-------- Records to use --------

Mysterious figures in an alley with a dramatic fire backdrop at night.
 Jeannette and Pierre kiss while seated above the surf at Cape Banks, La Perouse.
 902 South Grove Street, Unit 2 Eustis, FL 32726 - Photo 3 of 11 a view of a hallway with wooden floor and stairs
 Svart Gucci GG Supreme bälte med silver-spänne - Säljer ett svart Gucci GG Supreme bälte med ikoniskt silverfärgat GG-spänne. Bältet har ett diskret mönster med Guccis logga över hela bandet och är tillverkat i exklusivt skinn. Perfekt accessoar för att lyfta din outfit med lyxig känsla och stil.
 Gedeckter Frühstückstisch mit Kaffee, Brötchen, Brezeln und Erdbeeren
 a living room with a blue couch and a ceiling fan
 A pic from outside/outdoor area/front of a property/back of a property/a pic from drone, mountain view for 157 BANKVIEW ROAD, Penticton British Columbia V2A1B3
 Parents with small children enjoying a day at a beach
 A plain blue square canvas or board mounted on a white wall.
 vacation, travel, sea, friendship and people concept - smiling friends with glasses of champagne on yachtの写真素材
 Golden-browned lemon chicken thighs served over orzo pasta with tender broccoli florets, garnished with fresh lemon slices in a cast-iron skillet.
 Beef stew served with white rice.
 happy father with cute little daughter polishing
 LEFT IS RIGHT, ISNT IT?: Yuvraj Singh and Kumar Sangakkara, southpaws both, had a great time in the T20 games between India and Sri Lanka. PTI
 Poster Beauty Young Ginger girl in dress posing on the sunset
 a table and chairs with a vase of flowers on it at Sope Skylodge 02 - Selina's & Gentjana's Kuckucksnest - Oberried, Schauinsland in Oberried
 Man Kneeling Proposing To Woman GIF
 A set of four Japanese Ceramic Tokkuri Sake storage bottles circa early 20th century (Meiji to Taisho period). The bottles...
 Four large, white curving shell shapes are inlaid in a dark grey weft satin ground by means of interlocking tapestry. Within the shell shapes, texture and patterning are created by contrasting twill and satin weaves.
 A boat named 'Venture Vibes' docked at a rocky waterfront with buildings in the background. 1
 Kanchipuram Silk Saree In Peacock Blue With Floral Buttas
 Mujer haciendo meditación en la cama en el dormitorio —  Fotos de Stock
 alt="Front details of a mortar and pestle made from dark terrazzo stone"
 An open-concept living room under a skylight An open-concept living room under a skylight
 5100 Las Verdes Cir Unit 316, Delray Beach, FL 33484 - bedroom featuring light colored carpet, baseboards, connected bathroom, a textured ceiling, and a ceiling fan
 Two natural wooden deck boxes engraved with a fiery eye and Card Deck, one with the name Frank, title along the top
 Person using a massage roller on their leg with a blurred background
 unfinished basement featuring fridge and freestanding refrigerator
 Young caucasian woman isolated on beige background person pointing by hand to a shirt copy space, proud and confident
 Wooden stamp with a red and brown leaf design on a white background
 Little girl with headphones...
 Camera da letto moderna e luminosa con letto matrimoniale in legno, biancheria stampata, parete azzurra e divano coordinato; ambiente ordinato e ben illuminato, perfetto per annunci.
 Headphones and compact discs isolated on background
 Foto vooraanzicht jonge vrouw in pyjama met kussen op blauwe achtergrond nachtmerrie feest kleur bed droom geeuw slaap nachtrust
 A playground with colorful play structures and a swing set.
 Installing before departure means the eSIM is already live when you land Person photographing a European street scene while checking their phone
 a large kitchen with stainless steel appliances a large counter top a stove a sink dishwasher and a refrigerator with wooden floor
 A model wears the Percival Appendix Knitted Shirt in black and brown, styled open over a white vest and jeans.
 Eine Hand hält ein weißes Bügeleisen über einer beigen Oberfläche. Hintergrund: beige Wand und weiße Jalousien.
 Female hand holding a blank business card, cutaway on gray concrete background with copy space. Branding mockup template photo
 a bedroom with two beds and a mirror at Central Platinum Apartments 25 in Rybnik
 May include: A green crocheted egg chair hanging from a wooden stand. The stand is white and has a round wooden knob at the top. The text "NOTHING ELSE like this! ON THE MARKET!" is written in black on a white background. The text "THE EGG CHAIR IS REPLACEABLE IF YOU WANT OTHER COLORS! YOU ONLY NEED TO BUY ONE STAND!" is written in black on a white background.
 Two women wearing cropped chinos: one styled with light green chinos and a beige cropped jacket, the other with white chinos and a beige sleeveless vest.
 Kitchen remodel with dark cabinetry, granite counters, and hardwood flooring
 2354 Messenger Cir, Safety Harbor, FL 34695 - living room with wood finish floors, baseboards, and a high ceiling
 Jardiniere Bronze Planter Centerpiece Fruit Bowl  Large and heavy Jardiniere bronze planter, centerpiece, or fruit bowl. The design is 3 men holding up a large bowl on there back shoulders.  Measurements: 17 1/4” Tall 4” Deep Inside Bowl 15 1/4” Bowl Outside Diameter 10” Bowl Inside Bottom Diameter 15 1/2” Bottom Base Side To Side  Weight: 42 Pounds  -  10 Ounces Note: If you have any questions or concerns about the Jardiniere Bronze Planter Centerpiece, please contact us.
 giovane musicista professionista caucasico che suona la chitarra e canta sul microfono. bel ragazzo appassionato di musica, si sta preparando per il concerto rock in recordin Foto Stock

--------

=== Assigned task ===
Count the lines in the records above that hold the word "beige", and give only that number.

=== Result of this task ===
3